The UK could employ its Airbus A330-based Future Strategic Tanker Aircraft fleet for a variety of tasks beyond its originally intended roles, says the Royal Air Force's top officer.

"FSTA is much more than a tanker," says chief of the air staff Air Chief Marshal Sir Stephen Dalton. "It has the ability to stay airborne and provide a [communications] relay facility for much longer than our current aircraft types."

Fourteen modified A330-200s are due to enter RAF use from late this year, with the type to replace its aged Lockheed TriStars and Vickers VC10s in providing in-flight refuelling and passenger transport services.

 FSTA three hoses - Airbus Military
© Airbus Military

But Dalton believes the fleet's potential could go much further than these traditional roles, for example by taking on some intelligence, surveillance and reconnaissance functions.

"We need to do much more in the way we drive towards innovation," Dalton told the Royal Aeronautical Society's Aerospace 2011 conference in London on 13 April. "There are few good reasons why every airframe in an operational area should not be an ISR collector, or that FSTA could not be configured as a strategic ISR platform. Off-the-shelf modular capabilities to make this happen exist and can, indeed should, be integrated into future and current platforms, affordability permitting."

The AirTanker consortium, which will deliver the FSTA service under a private finance initiative deal with the UK Ministry of Defence, has also previously hinted at wider potential uses for the 14-aircraft fleet, the last of which will enter use by mid-2016.

"There's a lot more we could do," director of flight operations James Scott told Flightglobal late last year.

 VC10 - gatwicksteve AirSpace
© gatwicksteve gallery on flightglobal.com/AirSpace
Operations with the RAF's last VC10 tankers will end by 2013

The RAF's first A330 tanker is due to be flown to the MoD's Boscombe Down test centre in Wiltshire soon to begin clearance testing for UK service. AirTanker will deliver its first operational example to Brize Norton, Oxfordshire, late this year.

Seven of the UK's aircraft will be configured with under-wing hose and drogue refuelling pods, while the rest of the fleet will be three-point tankers also equipped with a centreline fuselage refuelling unit for use with large aircraft types.

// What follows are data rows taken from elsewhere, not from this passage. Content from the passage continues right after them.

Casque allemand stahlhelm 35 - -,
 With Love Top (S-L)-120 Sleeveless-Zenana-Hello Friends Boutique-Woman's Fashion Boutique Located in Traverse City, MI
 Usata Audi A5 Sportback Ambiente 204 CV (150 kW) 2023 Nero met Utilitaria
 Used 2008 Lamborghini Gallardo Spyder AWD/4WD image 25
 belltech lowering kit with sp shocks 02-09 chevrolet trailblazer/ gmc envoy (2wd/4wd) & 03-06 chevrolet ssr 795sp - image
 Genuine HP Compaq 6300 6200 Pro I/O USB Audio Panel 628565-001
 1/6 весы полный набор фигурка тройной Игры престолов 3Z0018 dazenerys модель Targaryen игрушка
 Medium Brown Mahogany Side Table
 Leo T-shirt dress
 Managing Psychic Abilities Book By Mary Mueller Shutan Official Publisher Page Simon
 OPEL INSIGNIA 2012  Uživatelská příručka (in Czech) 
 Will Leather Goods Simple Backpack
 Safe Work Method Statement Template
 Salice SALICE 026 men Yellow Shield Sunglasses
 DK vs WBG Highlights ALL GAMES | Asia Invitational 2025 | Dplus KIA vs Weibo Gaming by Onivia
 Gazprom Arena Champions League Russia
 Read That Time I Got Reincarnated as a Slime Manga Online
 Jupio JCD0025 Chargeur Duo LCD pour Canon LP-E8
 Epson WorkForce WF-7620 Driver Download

Meanwhile, AirTanker partner Thales UK has contracted CTC Aviation to support the instruction of pilots for the FSTA service from mid-2011.

“CTC instructors will deliver A330-200 type rating training and operational support programmes” using a full-flight simulator and part-task trainer installed at Brize Norton, the company says.

“Later in 2012 CTC will assist Thales UK to establish its own A330 type rating training organisation approval,” it adds.